The Caravan: Abdallah ‘Azzam and the rise of the global jihad | Thomas Hegghammer

O livro The Caravan: Abdallah ‘Azzam and the rise of the global jihad, publicado no início de 2020, une dois nomes que pesquisadoras e pesquisadores interessados pelo movimento jihadistas irão, em algum momento, se deparar: Thomas Hegghammer e Abdallah ‘Azzam (1941-1989). Hegghammer é doutor em Ciência Política e um dos principais autores sobre jihad; seus trabalhos versam sobre a jihad na Arábia Saudita (2007; 2010), o fenômeno dos combatentes estrangeiros no islã (2006; 2009; 2010; 2013; 2020) e, mais recentemente, a cultura jihadista (2017). ‘Azzam, doutor em princípios da jurisprudência islâmica, foi um dos mais importantes teóricos jihadistas do século XX e, por sua atuação na Guerra do Afeganistão (1979-1989), ficou conhecido como o “pai dos mujahidins” – combatentes da jihad. A obra explora uma miríade de eventos e processos, tendo como fio condutor a trajetória do clérigo. O objetivo de Hegghammer é examinar a relação entre ‘Azzam, o mundo em que esteve inserido e a globalização da jihad.
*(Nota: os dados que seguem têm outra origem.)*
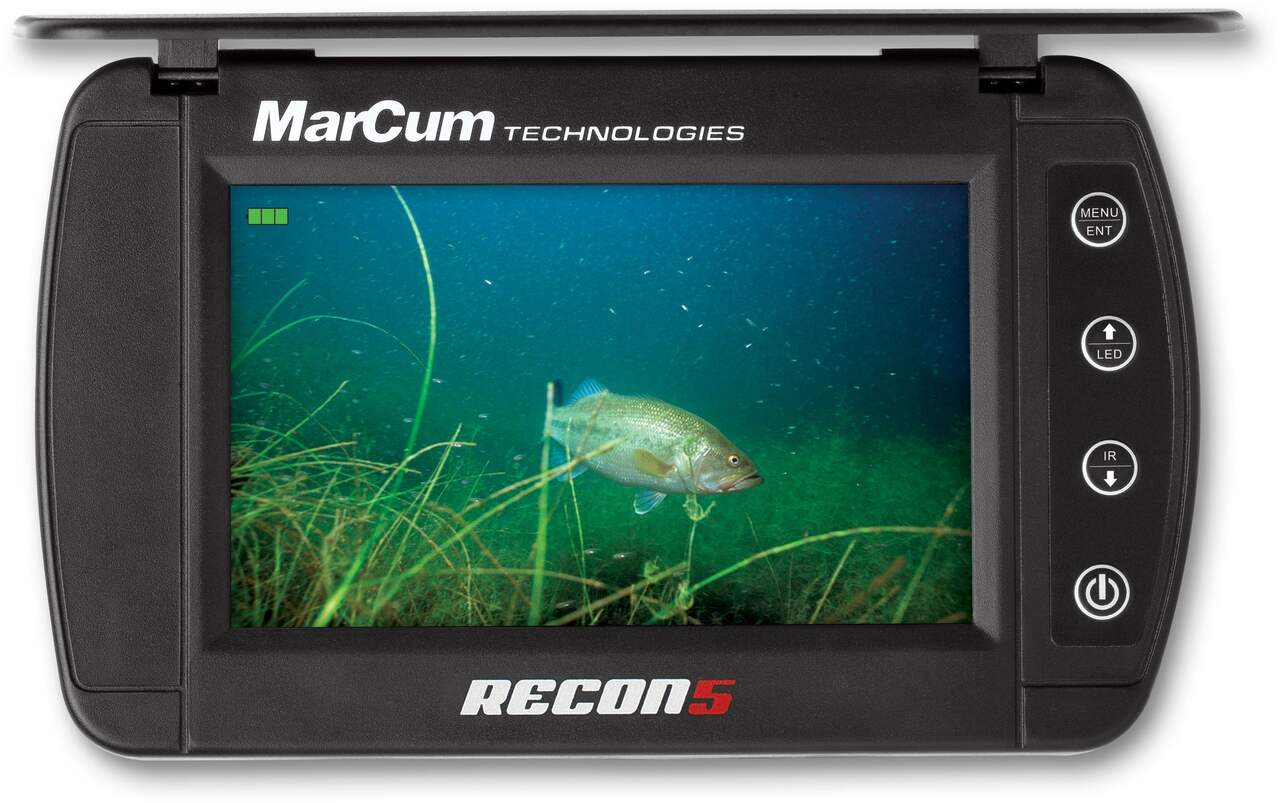 MarCum Recon 5 RC5 Camera Underwater Viewing System - Clancy Outdoors
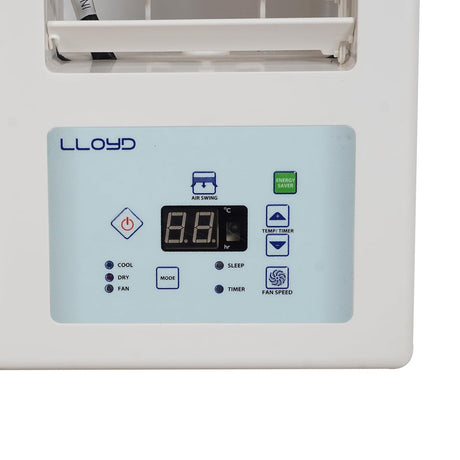 Elevate comfort with the best air conditioner - Lloyd 5-Star Window AC.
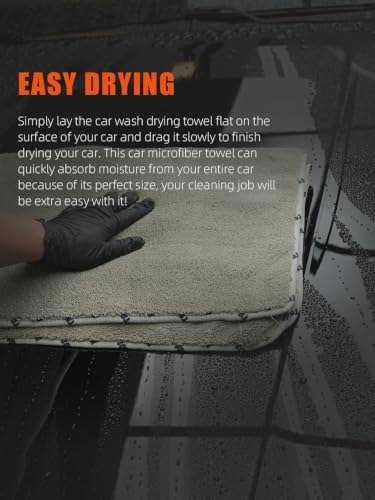 Drying Towel Car Wash Drying Towel for Car wahing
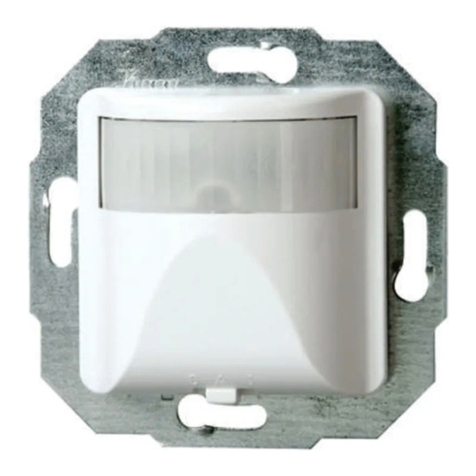 Kopp Radio motion sensor instruction manual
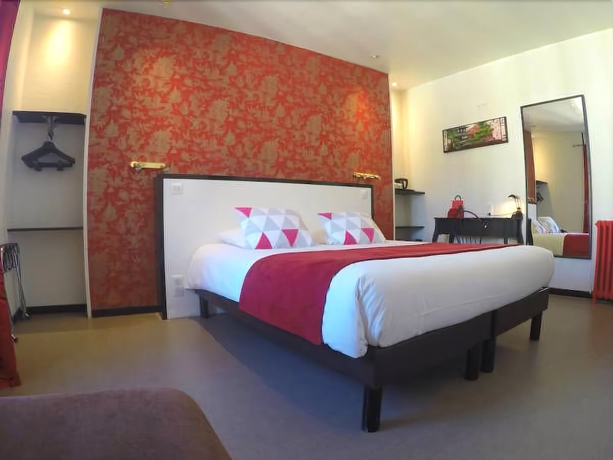 Imagen de la habitación del Hotel Art Tendance. Foto 9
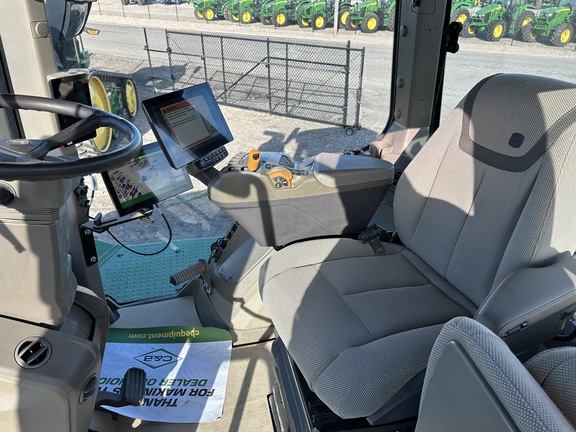 2024 John Deere 9R 490 Tractor 4WD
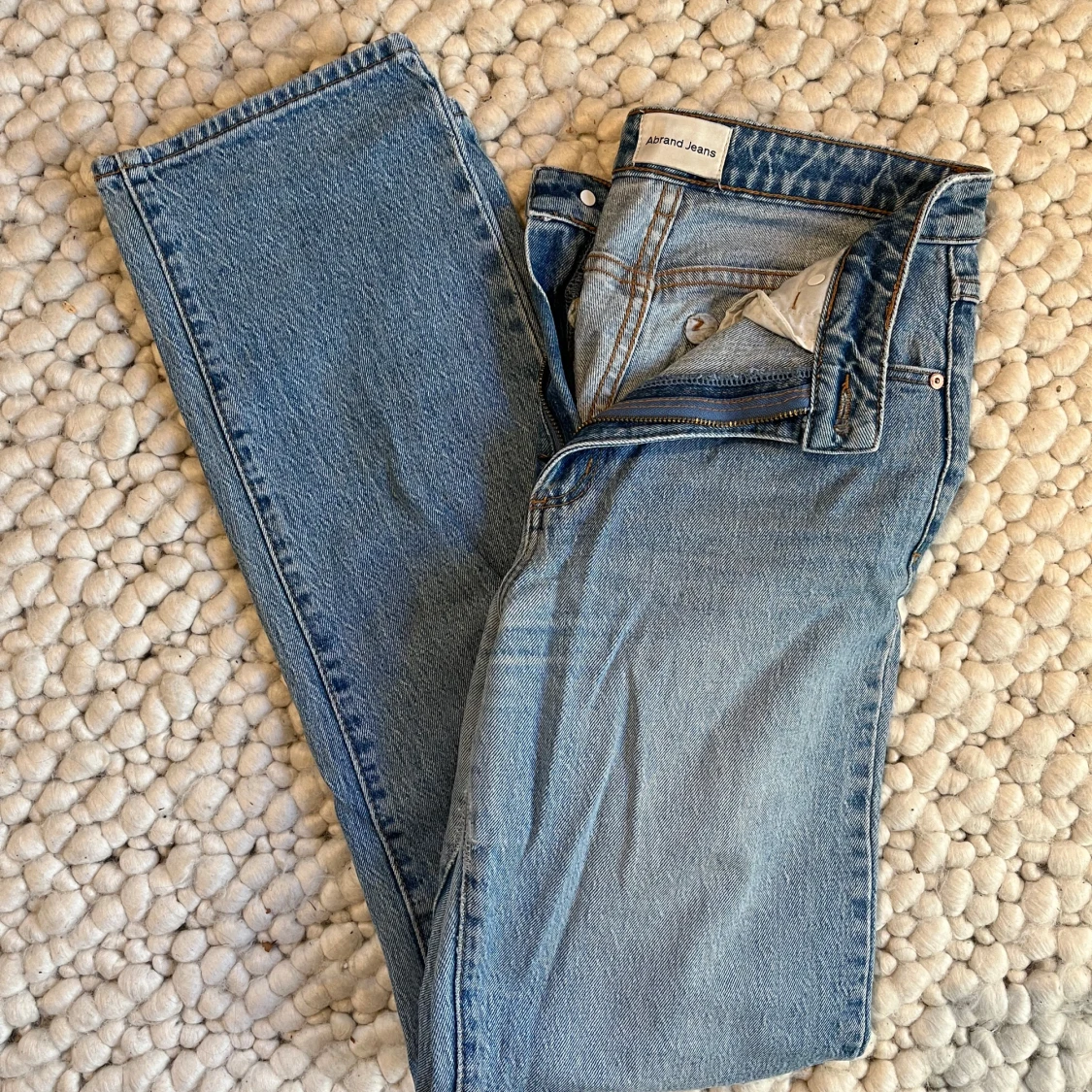 Jeans från Abrand - 91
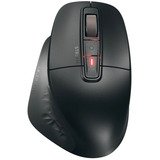 CHERRY Stream Mouse ULTIMATE, Maus schwarz/kupfer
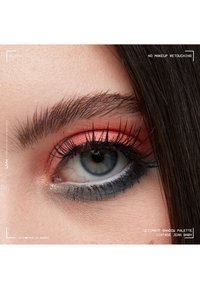 NYX Professional Makeup ULTIMATE SHAD PAL 16-PAN - Palette occhi - vintage jean baby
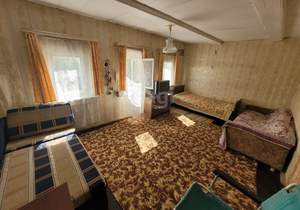 Дом 60м², 1-этажный, участок 12 сот.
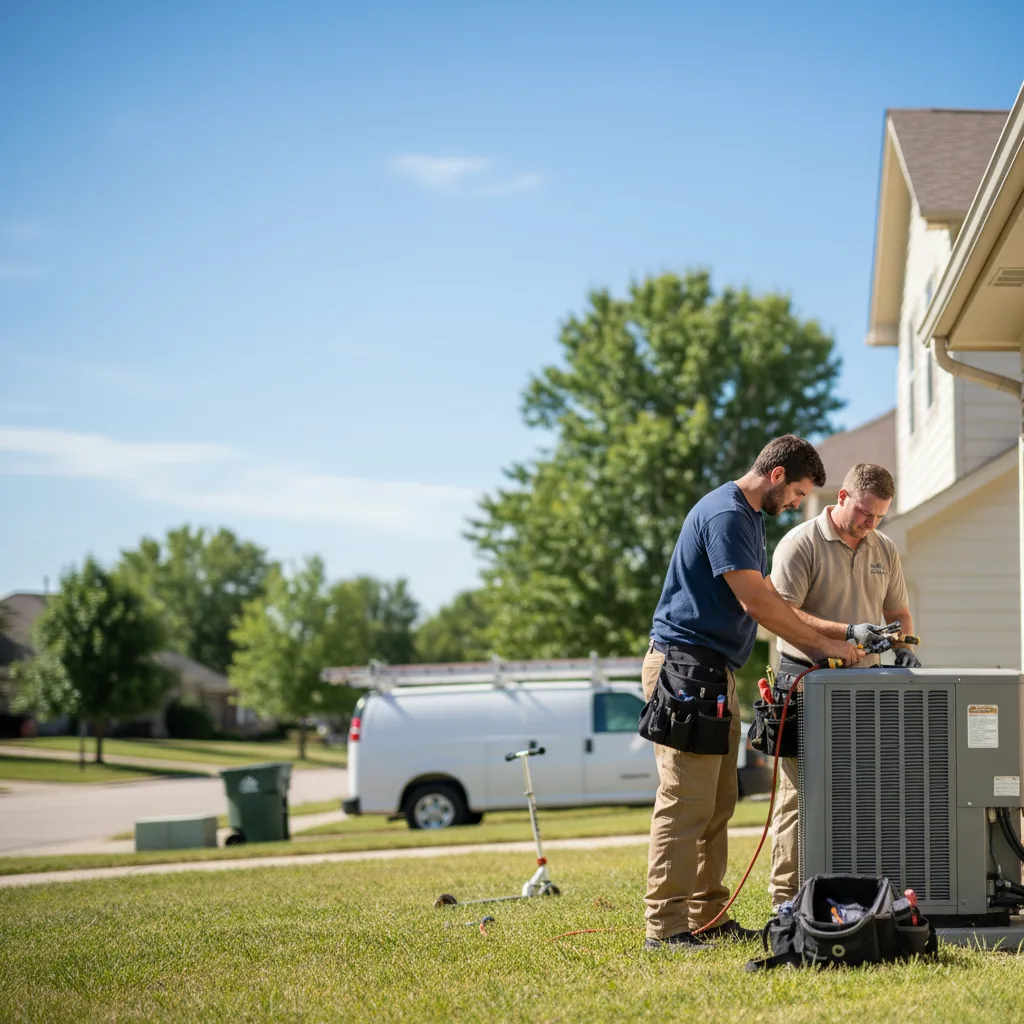AC Repair in Portsmouth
Por jihad global entende-se o fenômeno de mudança na percepção de inimigo em organizações jihadistas; dos regimes locais à declaração de guerra contra os EUA e o Ocidente. É importante ressaltar que o conceito religioso de jihad precede em séculos a ideia de nação e foi utilizado como parte da expansão religiosa desde o século VII. Contudo, a partir dos anos de 1960, a jihad foi proposta como forma de resistência aos regimes seculares no mundo muçulmano, especialmente, no Egito (COOK, 2005).

Durante a Guerra do Afeganistão, os contingentes muçulmanos imigrantes contribuíram para a vitória sobre a URSS. Esse processo é considerado fundamental para o estabelecimento de redes e, para a mudança de percepção sobre os problemas enfrentados pelos fiéis. Nos anos 1990, estratos islâmicos sectários defenderam que a religião ainda estaria sob ataque do Ocidente e, portanto, seria necessário revidar (GERGES, 2005; WEISMANN 2017a; 2017b; WIKTOROWICZ 2006;). Nesse sentido, o processo de globalização está mais ligado às posturas políticas de grupos jihadistas no fim do século XX do que ao conceito religioso. Diferente da tendência inaugurada pelo trabalho seminal de Fawaz Gerges, The far enemy: why jihad went global (2005), centrada na formação da al Qa’idah no final da guerra, o argumento de Hegghammer se destaca por voltar-se, especificamente, para o conflito e seu principal ideólogo.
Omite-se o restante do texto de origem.